**Information given:**
>>>
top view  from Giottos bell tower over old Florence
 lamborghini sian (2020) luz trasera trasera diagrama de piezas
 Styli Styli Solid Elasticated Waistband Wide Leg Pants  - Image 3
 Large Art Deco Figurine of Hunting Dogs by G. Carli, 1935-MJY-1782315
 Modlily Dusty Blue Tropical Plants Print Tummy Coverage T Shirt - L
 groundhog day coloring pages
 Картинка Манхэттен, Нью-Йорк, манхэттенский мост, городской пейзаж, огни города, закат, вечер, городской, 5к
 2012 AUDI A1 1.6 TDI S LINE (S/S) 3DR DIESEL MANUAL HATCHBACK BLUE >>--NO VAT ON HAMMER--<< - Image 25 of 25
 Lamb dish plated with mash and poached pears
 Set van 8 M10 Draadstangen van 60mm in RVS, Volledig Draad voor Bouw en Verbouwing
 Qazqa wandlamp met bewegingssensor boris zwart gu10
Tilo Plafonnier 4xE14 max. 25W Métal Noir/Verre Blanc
<<<
**Work instruction:** Out of the data above, return each line where the word "Image" can be found.

**Answer:**
 Styli Styli Solid Elasticated Waistband Wide Leg Pants  - Image 3
 2012 AUDI A1 1.6 TDI S LINE (S/S) 3DR DIESEL MANUAL HATCHBACK BLUE >>--NO VAT ON HAMMER--<< - Image 25 of 25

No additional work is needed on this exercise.